The web servers are accessible on the following default ports:
Web server With SSL Without SSL
Web server for the cluster management console 8443 8080
REST web server, which hosts the RESTful APIs for resource management and package deployment 8543 8180
ascd web server, which hosts the RESTful APIs for instance group management 8643 8280
Check for port conflicts to ensure that the specified ports are free. If you disable SSL, ensure that the HTTP ports are not used by any other service.
Important: You must use the same SSL setting for the cluster management console and the RESTful web servers. If you enable SSL for one, you must also enable SSL for the other; if you disable SSL for one, SSL must be disabled for the other as well. This setting also takes effect for cloud bursting with host factory. Ensure that SSL for all these functions is configured consistently in the cluster; without a uniform configuration, errors occur. Note, however, that when SSL is uniformly enabled, you can use different certificates and keys as required.

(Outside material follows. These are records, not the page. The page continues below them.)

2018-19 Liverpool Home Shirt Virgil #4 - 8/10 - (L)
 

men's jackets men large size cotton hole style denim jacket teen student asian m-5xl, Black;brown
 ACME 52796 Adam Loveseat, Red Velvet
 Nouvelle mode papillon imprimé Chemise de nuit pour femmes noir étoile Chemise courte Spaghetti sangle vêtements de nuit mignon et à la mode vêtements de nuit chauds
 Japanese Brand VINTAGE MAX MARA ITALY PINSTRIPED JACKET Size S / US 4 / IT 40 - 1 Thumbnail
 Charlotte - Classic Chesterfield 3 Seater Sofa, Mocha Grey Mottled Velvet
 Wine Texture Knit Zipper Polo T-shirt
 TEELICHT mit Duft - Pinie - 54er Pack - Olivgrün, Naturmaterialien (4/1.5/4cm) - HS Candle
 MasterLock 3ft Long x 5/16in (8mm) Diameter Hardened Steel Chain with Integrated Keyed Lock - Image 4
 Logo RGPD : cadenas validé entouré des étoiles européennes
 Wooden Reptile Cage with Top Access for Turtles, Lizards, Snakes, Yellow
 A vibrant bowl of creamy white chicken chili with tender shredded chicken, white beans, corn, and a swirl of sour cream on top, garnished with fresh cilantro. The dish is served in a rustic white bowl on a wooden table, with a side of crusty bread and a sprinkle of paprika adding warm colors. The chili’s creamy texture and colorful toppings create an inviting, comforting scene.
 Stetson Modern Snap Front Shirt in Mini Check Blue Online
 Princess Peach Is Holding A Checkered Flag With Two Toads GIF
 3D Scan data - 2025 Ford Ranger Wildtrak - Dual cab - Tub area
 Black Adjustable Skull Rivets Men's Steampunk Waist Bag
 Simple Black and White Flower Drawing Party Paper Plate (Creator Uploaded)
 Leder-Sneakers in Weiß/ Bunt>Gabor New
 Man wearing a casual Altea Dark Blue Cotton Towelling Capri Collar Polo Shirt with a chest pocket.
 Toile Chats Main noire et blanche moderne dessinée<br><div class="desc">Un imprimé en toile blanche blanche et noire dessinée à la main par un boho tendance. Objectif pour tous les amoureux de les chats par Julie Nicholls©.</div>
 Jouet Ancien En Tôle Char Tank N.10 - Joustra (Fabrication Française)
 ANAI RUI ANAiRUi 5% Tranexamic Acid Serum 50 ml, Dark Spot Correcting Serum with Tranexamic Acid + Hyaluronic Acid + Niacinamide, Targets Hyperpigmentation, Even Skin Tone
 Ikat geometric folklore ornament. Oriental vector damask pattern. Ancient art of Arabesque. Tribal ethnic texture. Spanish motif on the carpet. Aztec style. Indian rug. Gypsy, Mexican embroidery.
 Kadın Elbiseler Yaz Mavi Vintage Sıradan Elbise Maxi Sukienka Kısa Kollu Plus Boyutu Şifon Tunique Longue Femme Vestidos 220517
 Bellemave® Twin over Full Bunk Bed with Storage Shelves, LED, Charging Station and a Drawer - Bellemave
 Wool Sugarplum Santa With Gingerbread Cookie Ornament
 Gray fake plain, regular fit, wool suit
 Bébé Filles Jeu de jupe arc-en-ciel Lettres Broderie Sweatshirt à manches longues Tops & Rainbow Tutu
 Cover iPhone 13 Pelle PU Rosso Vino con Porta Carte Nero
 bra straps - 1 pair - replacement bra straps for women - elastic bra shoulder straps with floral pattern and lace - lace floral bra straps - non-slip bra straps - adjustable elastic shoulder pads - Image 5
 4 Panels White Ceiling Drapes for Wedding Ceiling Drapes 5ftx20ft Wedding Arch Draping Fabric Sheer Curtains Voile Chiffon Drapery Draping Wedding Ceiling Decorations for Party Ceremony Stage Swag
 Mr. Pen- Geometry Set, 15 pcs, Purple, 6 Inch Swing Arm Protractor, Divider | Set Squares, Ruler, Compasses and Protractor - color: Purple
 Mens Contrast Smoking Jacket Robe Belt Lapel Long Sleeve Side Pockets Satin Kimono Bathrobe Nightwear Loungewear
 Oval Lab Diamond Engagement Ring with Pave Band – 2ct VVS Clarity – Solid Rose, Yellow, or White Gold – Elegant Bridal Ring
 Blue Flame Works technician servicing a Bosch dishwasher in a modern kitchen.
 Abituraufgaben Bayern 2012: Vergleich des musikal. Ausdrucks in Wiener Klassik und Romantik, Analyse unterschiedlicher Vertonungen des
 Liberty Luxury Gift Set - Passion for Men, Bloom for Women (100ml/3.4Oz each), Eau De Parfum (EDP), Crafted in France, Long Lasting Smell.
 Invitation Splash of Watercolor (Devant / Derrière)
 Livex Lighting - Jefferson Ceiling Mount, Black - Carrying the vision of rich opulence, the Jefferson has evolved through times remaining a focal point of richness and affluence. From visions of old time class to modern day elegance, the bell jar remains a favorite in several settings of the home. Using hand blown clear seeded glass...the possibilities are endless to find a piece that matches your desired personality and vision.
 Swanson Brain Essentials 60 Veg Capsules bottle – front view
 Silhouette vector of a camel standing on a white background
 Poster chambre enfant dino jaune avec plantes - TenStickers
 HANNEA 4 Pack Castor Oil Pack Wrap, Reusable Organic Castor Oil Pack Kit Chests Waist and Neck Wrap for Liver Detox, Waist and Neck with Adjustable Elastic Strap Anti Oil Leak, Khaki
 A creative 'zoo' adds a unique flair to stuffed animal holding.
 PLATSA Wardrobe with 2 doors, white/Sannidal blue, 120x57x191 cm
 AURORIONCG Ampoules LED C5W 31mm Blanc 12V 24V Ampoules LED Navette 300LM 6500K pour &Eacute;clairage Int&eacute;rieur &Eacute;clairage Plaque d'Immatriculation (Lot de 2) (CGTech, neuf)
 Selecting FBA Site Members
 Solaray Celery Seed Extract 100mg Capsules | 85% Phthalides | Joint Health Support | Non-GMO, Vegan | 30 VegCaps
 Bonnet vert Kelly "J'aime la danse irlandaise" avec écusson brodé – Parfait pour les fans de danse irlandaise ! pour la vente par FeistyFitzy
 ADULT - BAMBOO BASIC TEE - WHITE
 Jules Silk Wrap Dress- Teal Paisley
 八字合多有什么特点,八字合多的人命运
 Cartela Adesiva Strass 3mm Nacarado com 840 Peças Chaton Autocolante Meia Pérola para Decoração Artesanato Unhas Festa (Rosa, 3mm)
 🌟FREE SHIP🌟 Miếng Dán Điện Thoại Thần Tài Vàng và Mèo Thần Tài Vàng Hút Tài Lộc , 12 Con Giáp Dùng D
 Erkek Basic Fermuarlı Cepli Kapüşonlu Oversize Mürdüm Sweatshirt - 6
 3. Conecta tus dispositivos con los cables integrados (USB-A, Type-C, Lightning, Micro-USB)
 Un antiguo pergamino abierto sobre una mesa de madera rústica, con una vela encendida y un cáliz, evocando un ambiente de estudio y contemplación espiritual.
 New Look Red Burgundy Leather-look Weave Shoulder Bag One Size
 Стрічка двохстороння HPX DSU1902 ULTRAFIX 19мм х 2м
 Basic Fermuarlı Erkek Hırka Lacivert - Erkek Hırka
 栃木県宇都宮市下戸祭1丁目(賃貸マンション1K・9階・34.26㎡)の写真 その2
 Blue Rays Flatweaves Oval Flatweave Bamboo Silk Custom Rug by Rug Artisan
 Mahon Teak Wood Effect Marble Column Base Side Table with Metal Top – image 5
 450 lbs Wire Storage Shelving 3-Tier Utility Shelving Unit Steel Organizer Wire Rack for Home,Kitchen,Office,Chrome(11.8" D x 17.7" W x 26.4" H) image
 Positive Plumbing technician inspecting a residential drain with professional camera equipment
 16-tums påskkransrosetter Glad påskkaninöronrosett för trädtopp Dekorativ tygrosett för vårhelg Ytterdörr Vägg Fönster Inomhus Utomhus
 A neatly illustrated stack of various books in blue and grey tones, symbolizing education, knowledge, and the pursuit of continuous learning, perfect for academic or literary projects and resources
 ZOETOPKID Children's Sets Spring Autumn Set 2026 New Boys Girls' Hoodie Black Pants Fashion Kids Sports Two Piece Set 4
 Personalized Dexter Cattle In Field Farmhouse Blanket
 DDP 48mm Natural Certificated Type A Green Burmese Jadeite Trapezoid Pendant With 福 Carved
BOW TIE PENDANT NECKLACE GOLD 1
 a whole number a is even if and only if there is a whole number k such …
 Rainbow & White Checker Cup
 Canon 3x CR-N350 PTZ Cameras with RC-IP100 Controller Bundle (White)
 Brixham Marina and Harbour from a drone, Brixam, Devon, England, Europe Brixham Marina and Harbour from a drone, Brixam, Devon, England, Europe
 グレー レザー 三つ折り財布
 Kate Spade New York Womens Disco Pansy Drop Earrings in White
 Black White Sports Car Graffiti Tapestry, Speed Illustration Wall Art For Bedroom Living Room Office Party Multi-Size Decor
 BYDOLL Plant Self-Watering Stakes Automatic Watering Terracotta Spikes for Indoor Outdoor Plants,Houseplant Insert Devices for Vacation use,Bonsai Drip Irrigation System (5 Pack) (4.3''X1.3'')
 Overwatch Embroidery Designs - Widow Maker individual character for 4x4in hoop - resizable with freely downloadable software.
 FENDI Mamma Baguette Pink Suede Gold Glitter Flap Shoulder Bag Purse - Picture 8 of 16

With SSL enabled, take into account the following important considerations:
  • When you access the cluster management console for the first time, you are prompted about trusting an untrusted website. Ensure that you install the certificate (rather than accept it). Installing the certificate installs the certificate for use by the cluster management console and the RESTful web servers that require the same certificate.
    Failure to install the certificate causes the following issues:
    • You are prompted to accept the certificate when accessing the API web servers as well. When only accepted, the certificate eventually expires.
    • You can get errors when using the Spark workload pages on the cluster management console because your browser is trying to call the corresponding APIs but access is blocked without the certificate.
  • For functional certificates to be generated, ensure that the domain name of the cluster management console and the REST hosts do not start with a number.
  • All hosts in your cluster must use FQDNs. The Spark workload pages connect to the RESTful API servers based on the URL returned by the egosh client view command, which shows the location of each web server.

    Without an FQDN, the cluster management console cannot contact the REST server. Or, cookies saved when logging in to those REST servers may not be cached to the correct FQDN. In this case, you might be prompted to log in even when you are already logged in to the cluster management console because the system is asking you to log in to the REST servers.

    FQDNs are required for all functions that use RESTful API servers, including cloud bursting through host factory.